▶ [Problem]: Omit the images, then output each of the records below exactly.

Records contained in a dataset
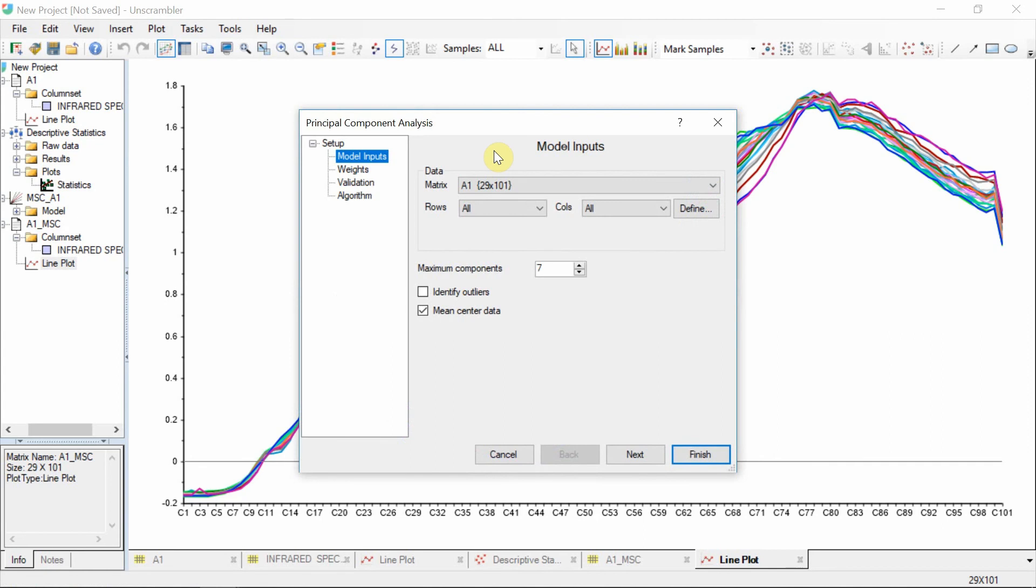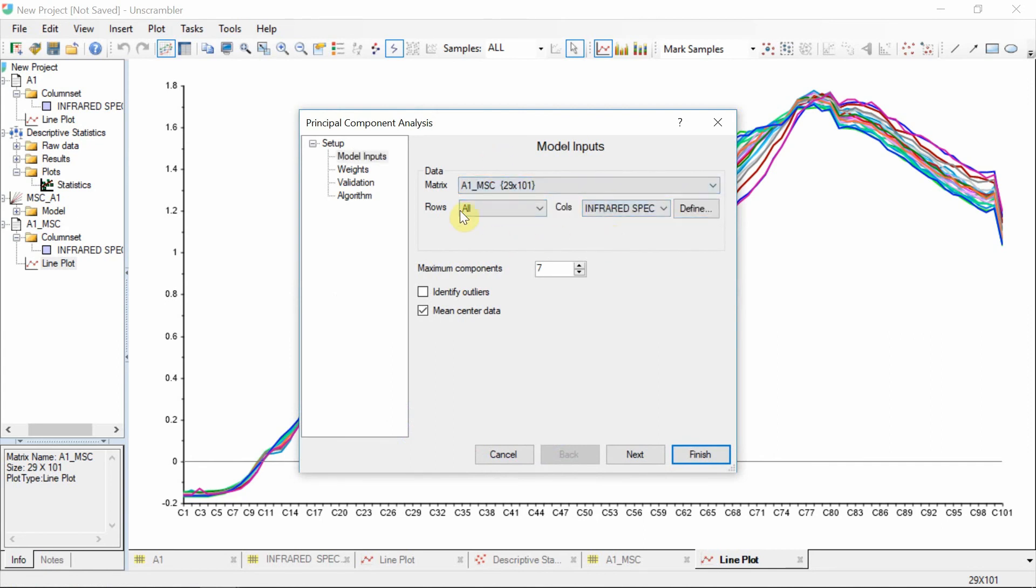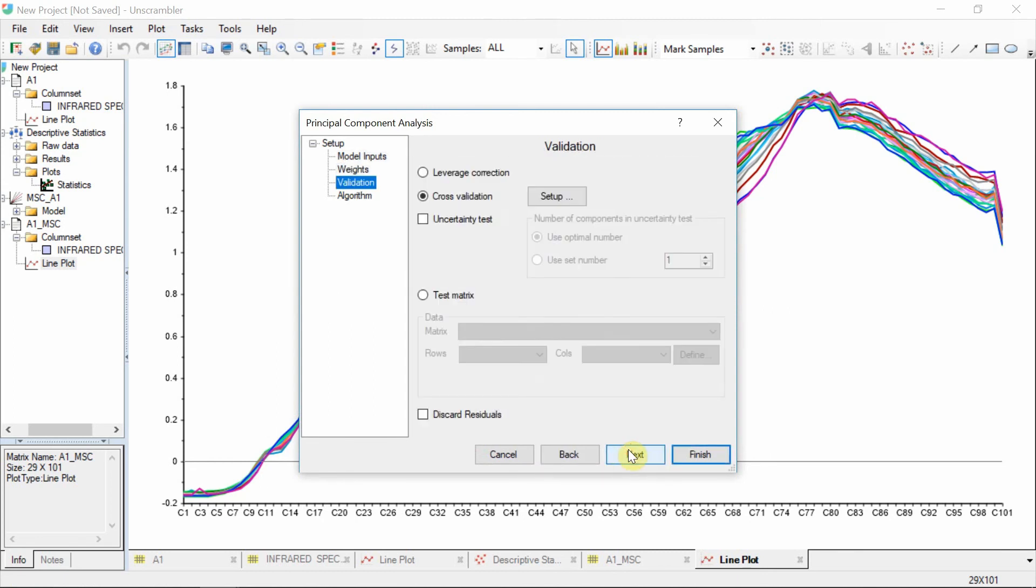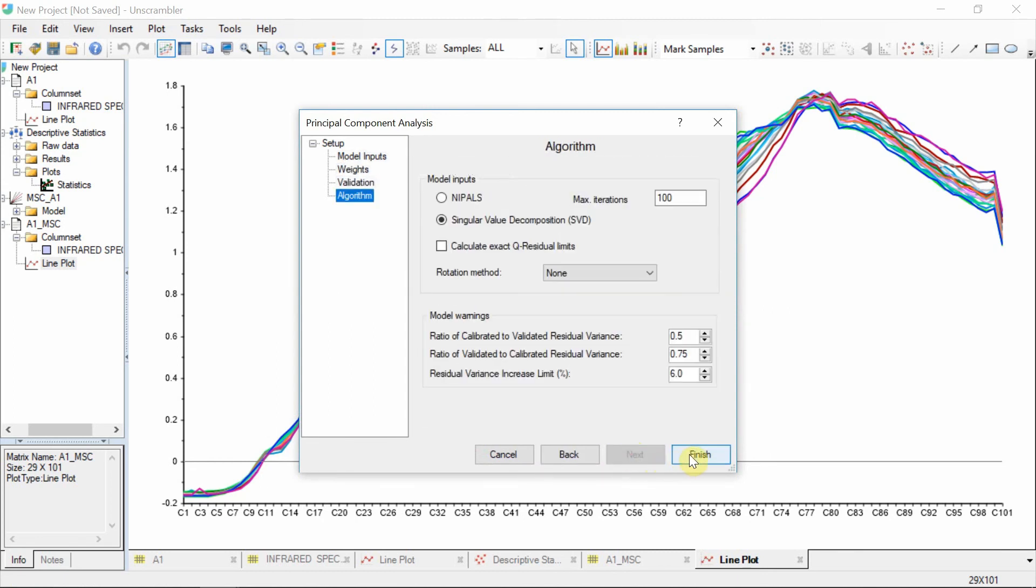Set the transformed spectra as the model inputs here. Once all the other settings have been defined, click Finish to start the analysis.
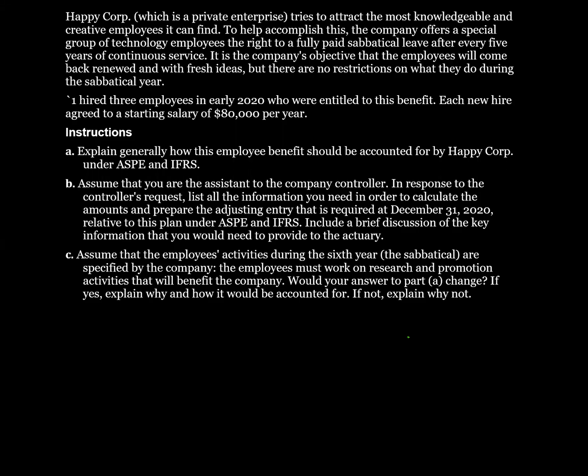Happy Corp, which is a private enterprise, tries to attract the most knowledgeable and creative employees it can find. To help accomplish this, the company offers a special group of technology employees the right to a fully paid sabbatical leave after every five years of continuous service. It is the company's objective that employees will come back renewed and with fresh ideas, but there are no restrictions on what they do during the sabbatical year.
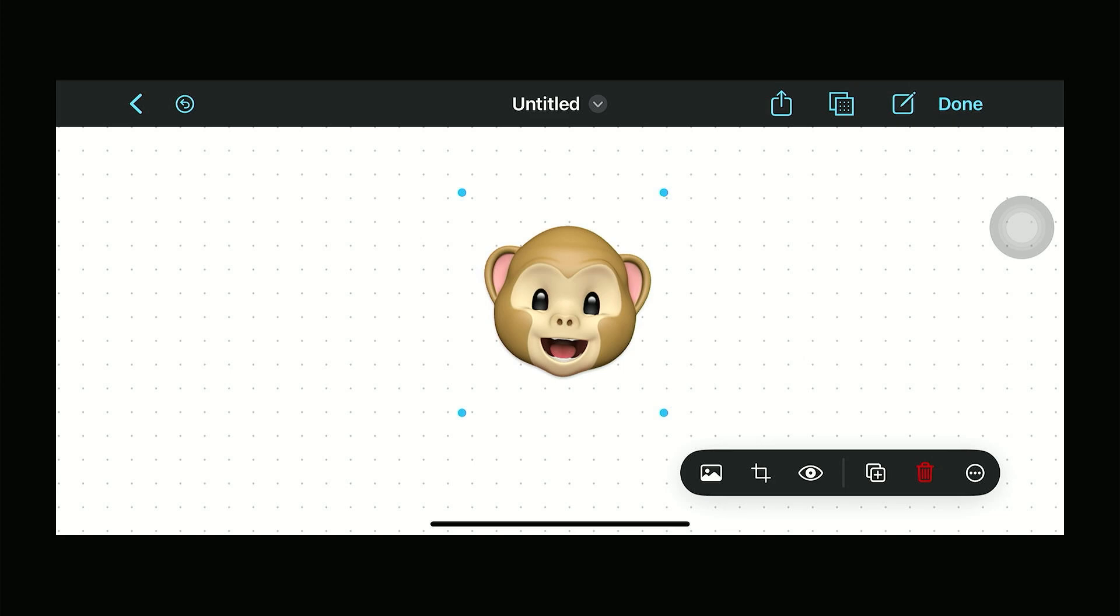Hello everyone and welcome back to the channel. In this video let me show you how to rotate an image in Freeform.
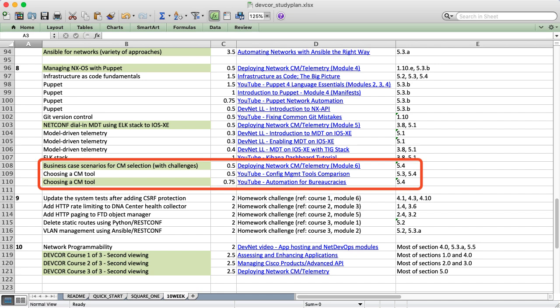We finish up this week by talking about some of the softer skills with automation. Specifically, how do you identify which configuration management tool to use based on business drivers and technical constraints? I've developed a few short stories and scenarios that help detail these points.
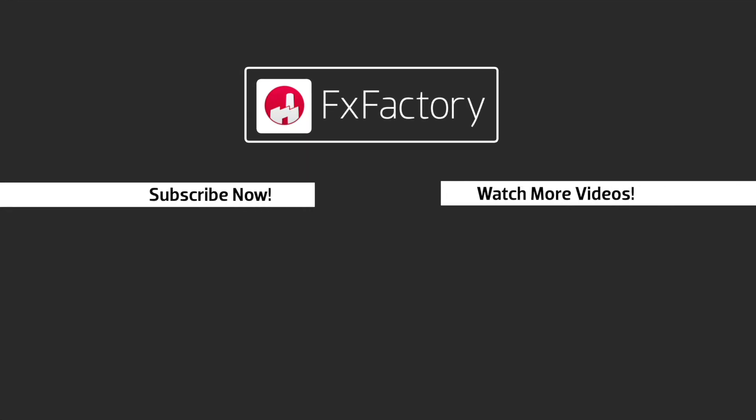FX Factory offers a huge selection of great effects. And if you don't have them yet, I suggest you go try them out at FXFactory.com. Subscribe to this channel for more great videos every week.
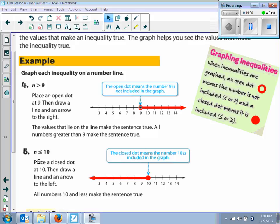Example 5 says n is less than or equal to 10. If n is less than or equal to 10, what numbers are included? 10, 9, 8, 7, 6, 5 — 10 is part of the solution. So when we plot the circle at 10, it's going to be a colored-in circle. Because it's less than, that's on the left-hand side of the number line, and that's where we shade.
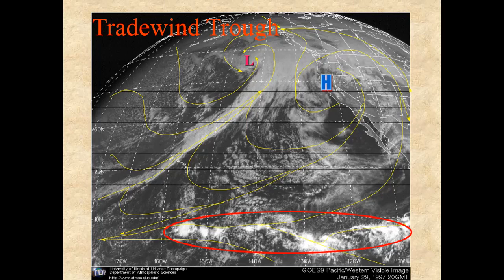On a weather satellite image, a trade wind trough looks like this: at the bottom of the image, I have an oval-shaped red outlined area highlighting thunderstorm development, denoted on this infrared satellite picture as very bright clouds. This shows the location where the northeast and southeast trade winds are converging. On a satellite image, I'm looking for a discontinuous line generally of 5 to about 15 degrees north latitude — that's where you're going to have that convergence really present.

▶ [Task solution]:
Set the transformed spectra as the model inputs here. Once all the other settings have been defined, click Finish to start the analysis.
Happy Corp, which is a private enterprise, tries to attract the most knowledgeable and creative employees it can find. To help accomplish this, the company offers a special group of technology employees the right to a fully paid sabbatical leave after every five years of continuous service. It is the company's objective that employees will come back renewed and with fresh ideas, but there are no restrictions on what they do during the sabbatical year.
Hello everyone and welcome back to the channel. In this video let me show you how to rotate an image in Freeform.
We finish up this week by talking about some of the softer skills with automation. Specifically, how do you identify which configuration management tool to use based on business drivers and technical constraints? I've developed a few short stories and scenarios that help detail these points.
FX Factory offers a huge selection of great effects. And if you don't have them yet, I suggest you go try them out at FXFactory.com. Subscribe to this channel for more great videos every week.
Example 5 says n is less than or equal to 10. If n is less than or equal to 10, what numbers are included? 10, 9, 8, 7, 6, 5 — 10 is part of the solution. So when we plot the circle at 10, it's going to be a colored-in circle. Because it's less than, that's on the left-hand side of the number line, and that's where we shade.
On a weather satellite image, a trade wind trough looks like this: at the bottom of the image, I have an oval-shaped red outlined area highlighting thunderstorm development, denoted on this infrared satellite picture as very bright clouds. This shows the location where the northeast and southeast trade winds are converging. On a satellite image, I'm looking for a discontinuous line generally of 5 to about 15 degrees north latitude — that's where you're going to have that convergence really present.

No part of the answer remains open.